Saturday, January 16, 2010

A Pickle for Your Thoughts

My day consisted of this:

Waking up at 10 to pick up my dad after he dropped his car off at the shop, studying briefly, going out to dinner with my sister and dad, washing my car, doing art for the rest of the day, and now i'm here at a new babysitting job eating chinese take-out and trying to decode the family though their various things around the house. Have you ever done that while over someone's house? This family really really loves their daughter, Catharine. Makes sense, they're first-time parents and she's their only child. She's also adorable. That helps too.


It was nice to go out to lunch with my dad and sister. 1. we never go out to eat in general, and 2. I never usually spend time with those two. Usually its me mom and sarah, or john dad and me, or john and me, or me and mom, or mom dad and me. With a family of 5, there's a lot you can do. The title of this post comes from today at Archie Moores, where my sister requested for her pickle that was supposed to come with her kid's meal but didn't.

Although my level of studying for the day could have been greater, I got a few art pieces together. Sort of. I did a pastel drawing of my friend Brigitta at her Masquerade Ball birthday party. The worst thing about drawing your friends is that if there's anything wrong with your drawing you'll notice right away. I feel kinda bad, because my picture-Brigitta looks like she ate one too many twinkies. I also did this watercolor drawing with the watercolor pencils and paintbrush that my other friend Emma gave to me i think 2 years ago. I never really got the hang of them until just today. Maybe when I ge home i'll post what I've got so far.

Question of the Day: Have you ever re-discovered something you thought you'd

Thursday, January 14, 2010

Tufts Interview Success!

I went on my first Alumni interview today. It's totally different from an interview on campus, and frankly, I liked it sooo much better! I was actually able to relate to my interviewer, and we didn't have any time constraints. I was really lucky, my interviewer was a woman of Chinese descent, so we spent a lot of time talking about my interest in Chinese and in Asian culture in general. It know it went really well, because I want to go back to talk with her some more! Our conversation was engaging.

However... I did make her cry. Is that a bad or good thing? She asked me what I was most proud of in my life, and I brought up the dinner I planned for Emma, and I of course explained the circumstances. In the end, it ended up alright.

If you want more info on the dinner let me know.

Wednesday, January 13, 2010

Starting Off

The page is for memories, for moments, for figuring things out. I wanted to start a blog as a sort of online diary, since my plan to keep a print journal has had less than average success.

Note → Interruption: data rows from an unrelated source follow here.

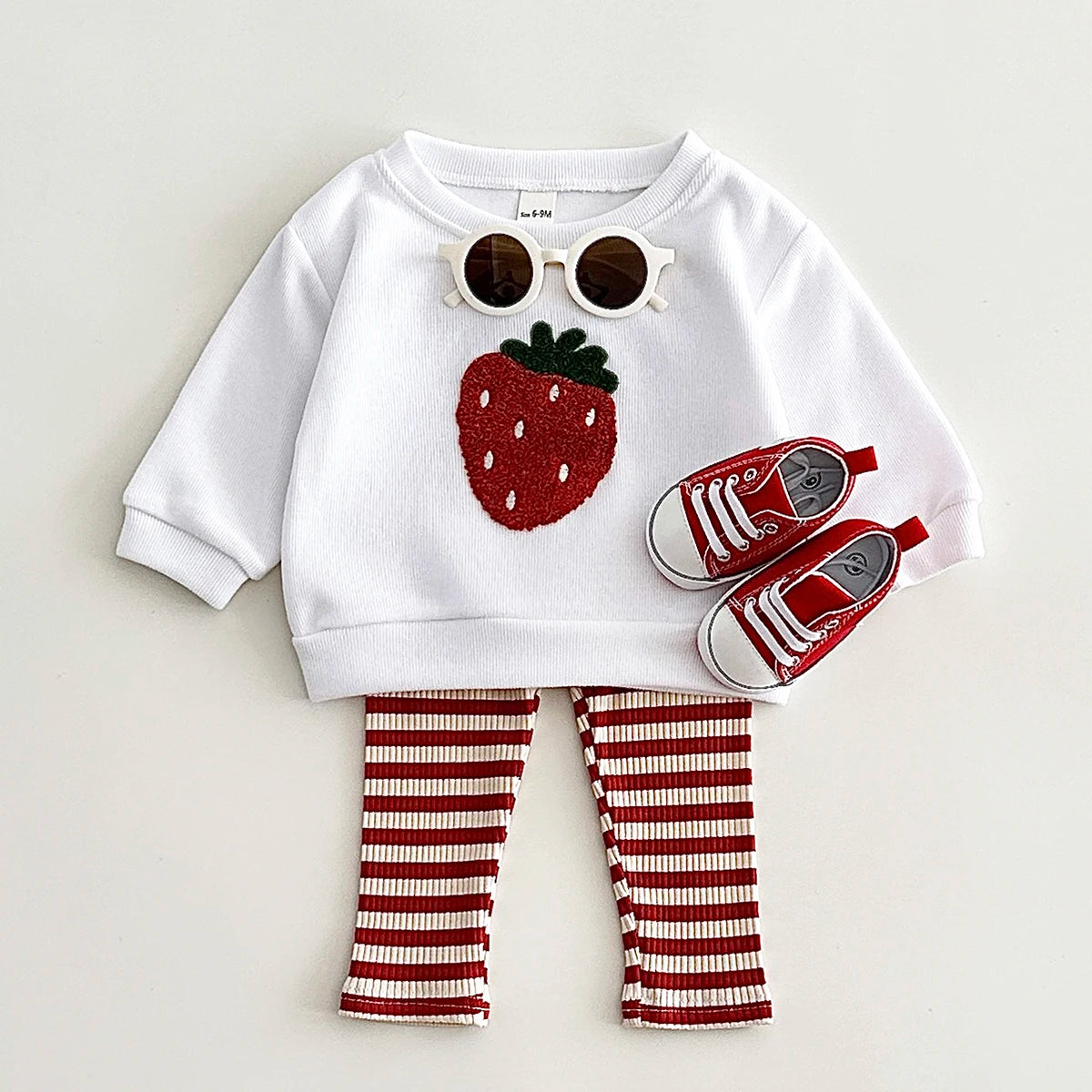 Ensemble Douceur Fruité – Sweat moelleux & pantalon rayé pour bébé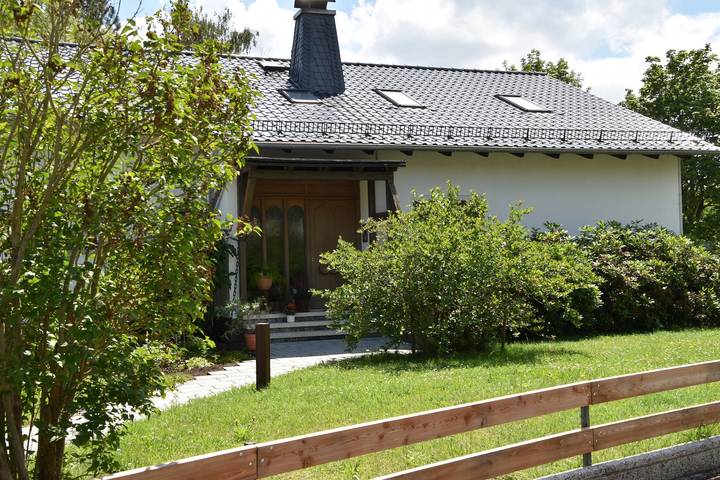 Ferienwohnung für 3 Personen, mit Garten und Sauna am Vogelsberg Region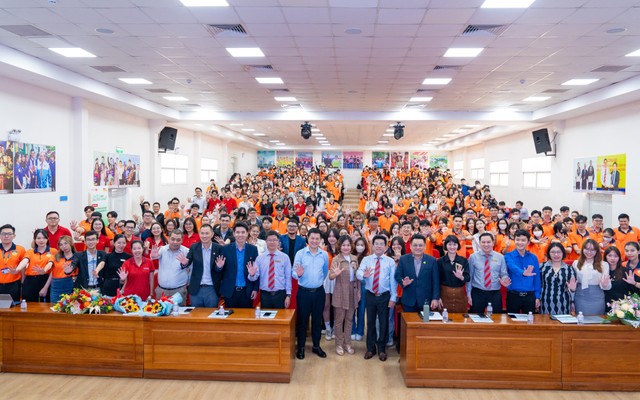 Một workshop của RongViet Invest diễn ra tại Đại học HUTECH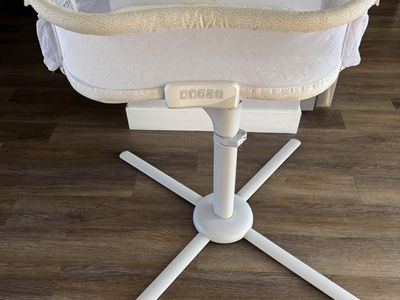 Halo Swivel Bassinet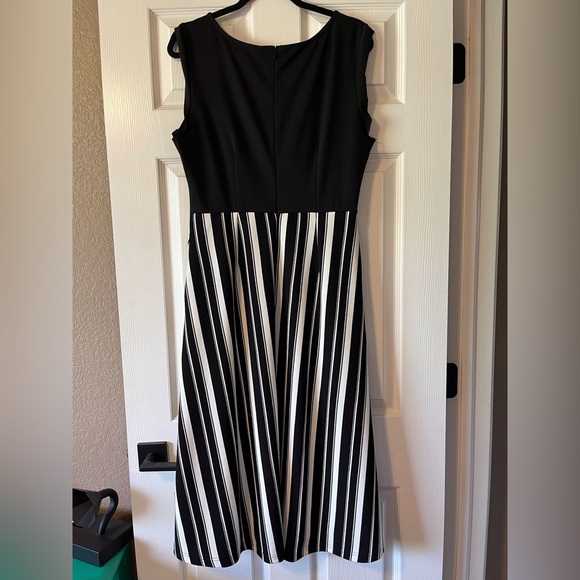 Black and white stripped dress from Amazon size Large please read description - Picture 2 of 9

I'll start off with some good news for today, I'm in AP Studio Art, and I've finally decided on a concentration. We have to complete 12 pieces of a concentration, which is artwork around a specific subject, and 12 pieces of breath, any extra pieces, for the AP exam in April. I'm almost done with my breath, but only started today on my concentration. I'm going to be exploring moments of rebirth in our lives: realizations, epiphanies, sudden tragedies that change perspective, new hope. It's a personal subject to me so fingers crossed that everything goes well! (Especially with 12 art pieces to complete in only 4 months!)